Data provided:
___
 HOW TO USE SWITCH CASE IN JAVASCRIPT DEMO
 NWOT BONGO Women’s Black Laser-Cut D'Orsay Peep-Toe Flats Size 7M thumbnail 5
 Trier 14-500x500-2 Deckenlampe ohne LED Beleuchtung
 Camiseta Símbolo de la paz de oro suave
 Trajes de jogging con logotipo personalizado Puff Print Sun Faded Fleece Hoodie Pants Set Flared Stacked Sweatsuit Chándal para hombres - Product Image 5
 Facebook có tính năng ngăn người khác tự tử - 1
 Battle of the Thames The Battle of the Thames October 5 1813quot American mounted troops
___
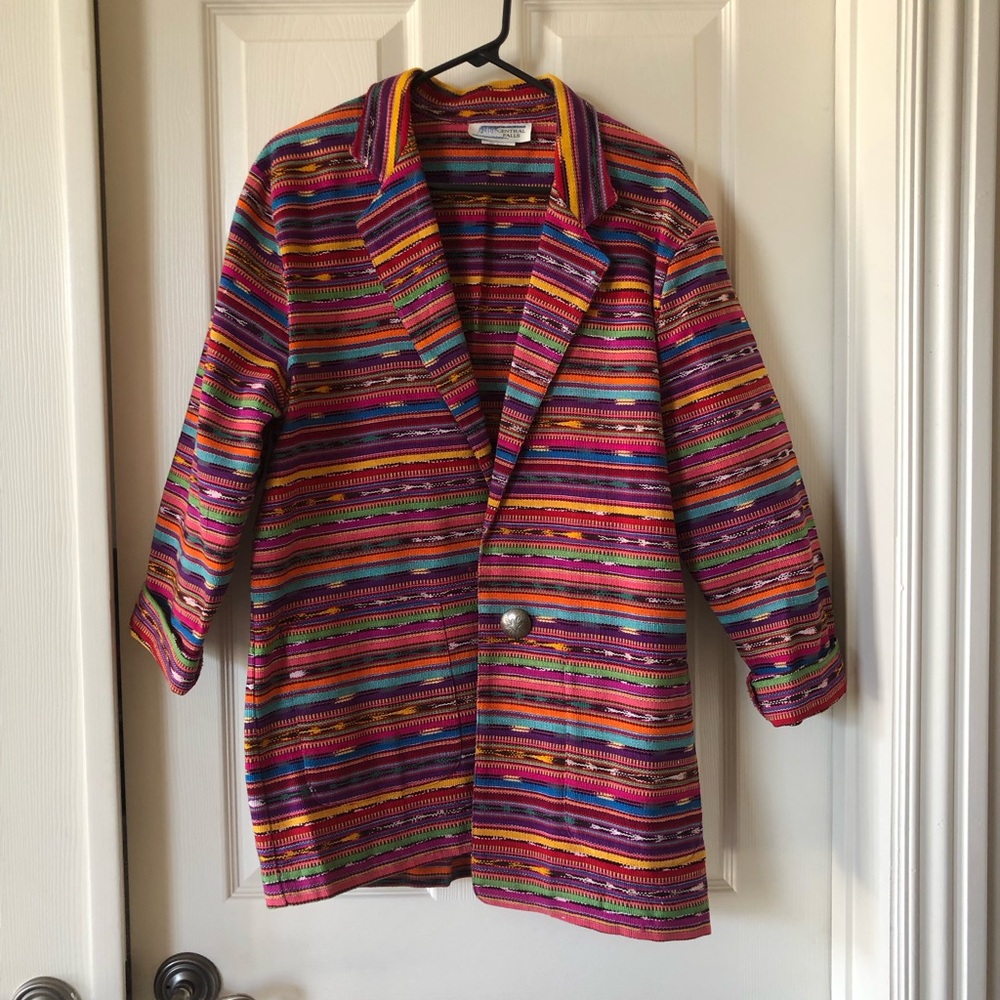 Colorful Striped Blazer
___
Problem to work on:
Above this task is a listing. Restate, word for word and with nothing added, the lines from the one with "HOW TO USE SWITCH CASE IN JAVASCRIPT DEMO" through the one with "Battle of the Thames The".

Result for this exercise:
 HOW TO USE SWITCH CASE IN JAVASCRIPT DEMO
 NWOT BONGO Women’s Black Laser-Cut D'Orsay Peep-Toe Flats Size 7M thumbnail 5
 Trier 14-500x500-2 Deckenlampe ohne LED Beleuchtung
 Camiseta Símbolo de la paz de oro suave
 Trajes de jogging con logotipo personalizado Puff Print Sun Faded Fleece Hoodie Pants Set Flared Stacked Sweatsuit Chándal para hombres - Product Image 5
 Facebook có tính năng ngăn người khác tự tử - 1
 Battle of the Thames The Battle of the Thames October 5 1813quot American mounted troops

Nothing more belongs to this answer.